Just for kicks and giggles, I plugged the words “Alex Rodriguez Yankees” into a Google search and in .36 seconds I was alerted that 10,529 stories existed with those keywords. It was a great way to see both the local and national landscape of headlines and angles of the next phase of this story that’s dominating the offseason, and also to see how the third baseman is being painted to the populace.
An interesting bit I found came from a newspaper in a city that has one professional sports team: Sacramento. The staff of the State Hornet compiled a list of possible destinations for A-Rod (nothing outside the obvious: the Cubs, Dodgers, Angels and Giants). Now when I say “interesting” I don’t necessarily mean “good.” There was no reporting involved; each writer presented a take on why A-Rod would “definitely” land with said team. One staffer, Alicia de la Garza, wrote about A-Rod going to the Angels and somehow forgot that he spent three years dwelling in the AL West basement with Texas before going to the Yankees.
“After playing seven years for the New York Yankees, third baseman Alex Rodriguez has opted out of his $252 million, 10-year contract. I need to take a timeout for a second.“
The timeout needed to be taken before that lead sentence was written. (I know I’m not perfect — my gaffe regarding the Girardi press conference last week was a bonehead move — but to make that basic of an error on the lead sentence of a story? It’s indicative of a lack of fact-checking in the industry.)
Anyway, spending the rest of this post to pick apart mistakes in other columns is not the goal here. What I found interesting was that Sacramento cared at all what happened to A-Rod.
Some other notes from the Land of the Obvious:
The Yankees need a third baseman.
A bidding war needs two teams. (Hundreds of stories had that theme. How does that happen?)

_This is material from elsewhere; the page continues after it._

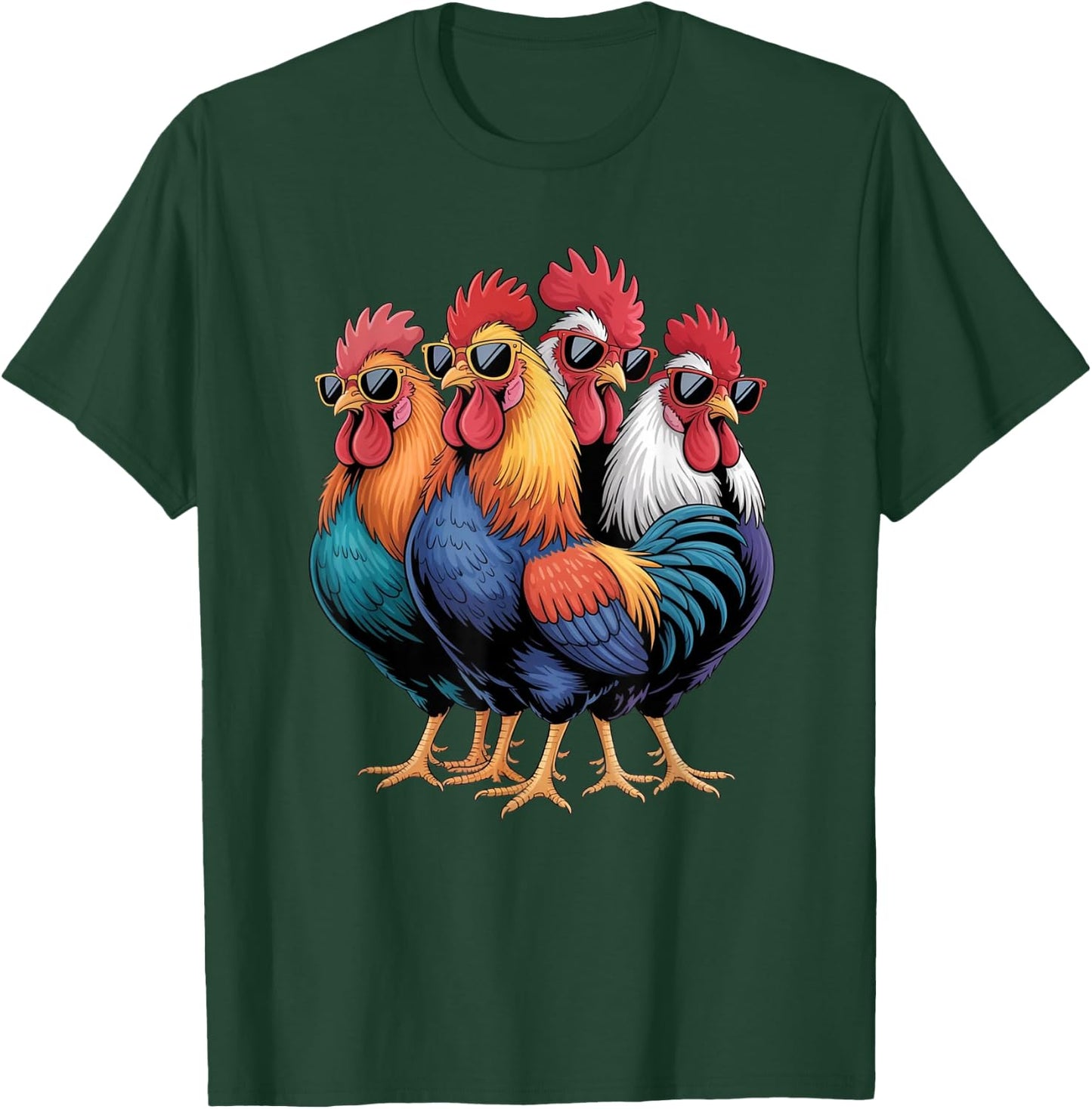 Cool Roosters with Sunglasses Colorful Chicken Farm Humour T-Shirt - T-Shirt | Forest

MLBPA No. 2 Gene Orza accused NY Times columnist Murray Chass of being an enabler of collusion based on his Wednesday column, which featured close to a third of the league’s GM’s speaking on the record regarding their interest — or lack thereof — in Alex Rodriguez.
As of 5 p.m. Saturday, the buzz has Joe Torre leaving open the possibility of Rodriguez becoming “LA-Rod.”

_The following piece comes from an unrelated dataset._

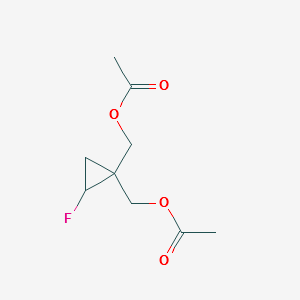 (2-Fluorocyclopropane-1,1-diyl)bis(methylene) diacetate structure, CAS 1624262-20-9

Brian Cashman Quote of the Week: "I understand why people are asking. I'd ask. For the most part, we're going to try to stay the course and build around our young pitching as we move forward. But talk is cheap. Actions speak louder than words, so let's see where I'm standing come February."
This is classic Cash. He maintained the same even keel two years ago regarding Bubba Crosby and the center field position, and then right before the New Year, Johnny Damon was signed. In other words, don't rule out the big splash. The reporters haven't. They just haven't set up the possibility of it like they have in years past.
From what I've read, viewed and heard, we’re no further along in the A-Rod proceedings. To follow up on Bruce Markusen’s Abbott and Costello theme from yesterday’s “Third Base Derby” post, “I Don’t Know” actually is the third baseman. What we do know, though, is that it will be difficult to search for information on the topic that we either didn’t already know or project as far back as six weeks ago, when midges changed the momentum of the Yankees-Indians series.